My friend and I had been traveling along South Africa’s southeastern coast. Before heading to Lesotho, we were in South Africa’s Transkei region, which was formerly an unrecognized state. During South Africa’s apartheid era, Transkei was an area set aside for black residents that sort of functioned as an independent state. Now reintegrated in South Africa, Transkei is a rural, green and wet region of the country. It has lots of high cliffs as well.

The day before we left Transkei, we ran into a big thunderstorm. At the time, I was walking alone on the beach. The storm started suddenly. Rain poured out of the sky, and lightning repeatedly struck very close to me. I was scared for my life.


I looked around and the only place that was not out in the open was a forest near the beach. I ran into the forest and sheltered under a tree, hoping lightning would not strike one of the trees close to me. After about an hour, the storm passed. I got soaked, even though I was under tree cover. Most importantly, I was alive and ready to venture to Lesotho.

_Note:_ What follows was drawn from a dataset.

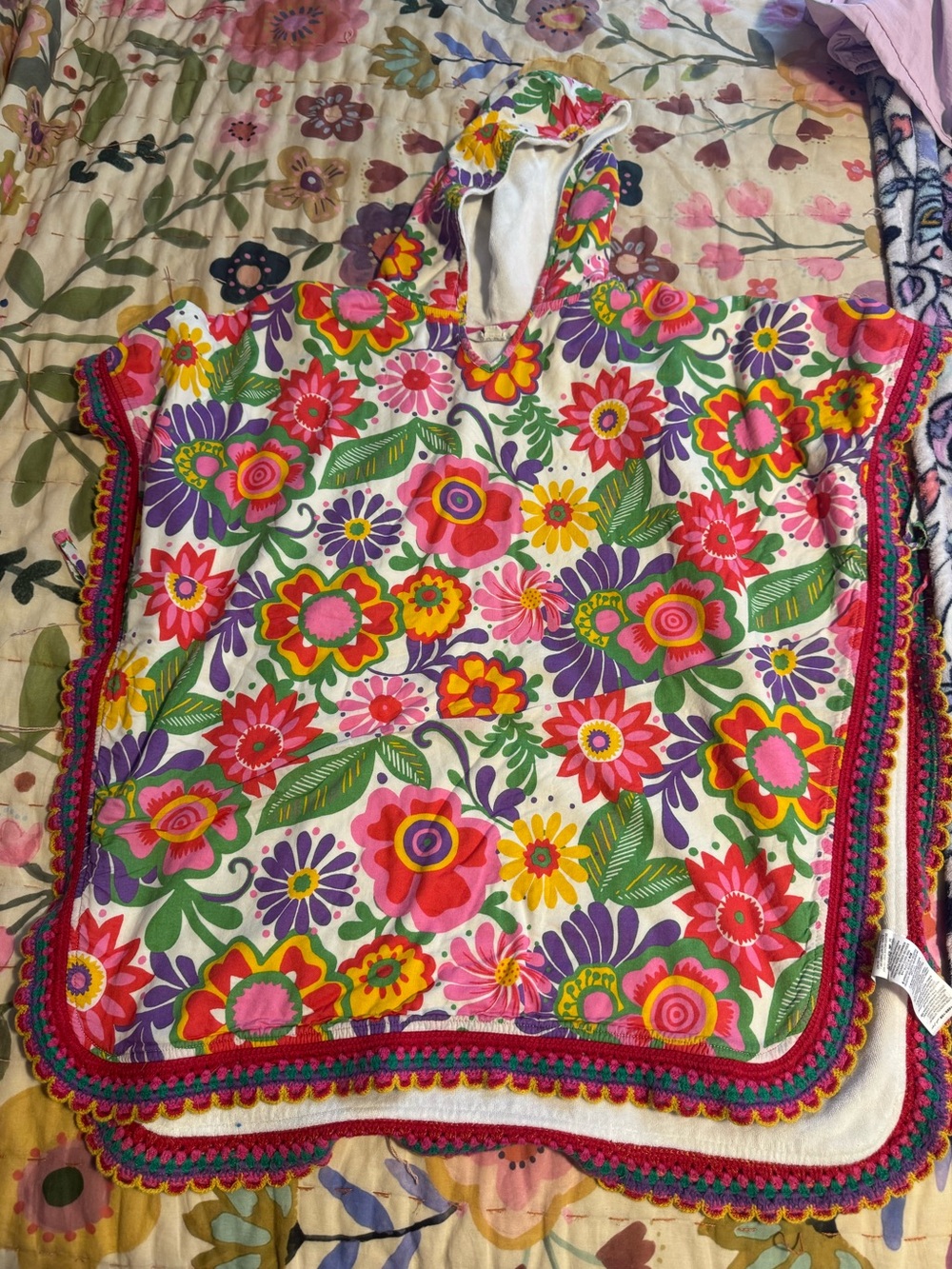 Mini Boden Girls Terry Poncho ~ L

Our drive out of Transkei and into Lesotho featured a four-legged friend. This dog took advantage of the fact that we could only drive about 20-30 km per hour on the gravel roads. He chased after us and, for the most part, managed to keep up with our car.  Every few kilometers we would stop to take some photos. There was the dog, behind us again. He was a very friendly dog who clearly wanted to come with us to Lesotho. Unfortunately, we couldn’t take him with us. When we finally made our way onto better roads, we parted ways with our furry friend.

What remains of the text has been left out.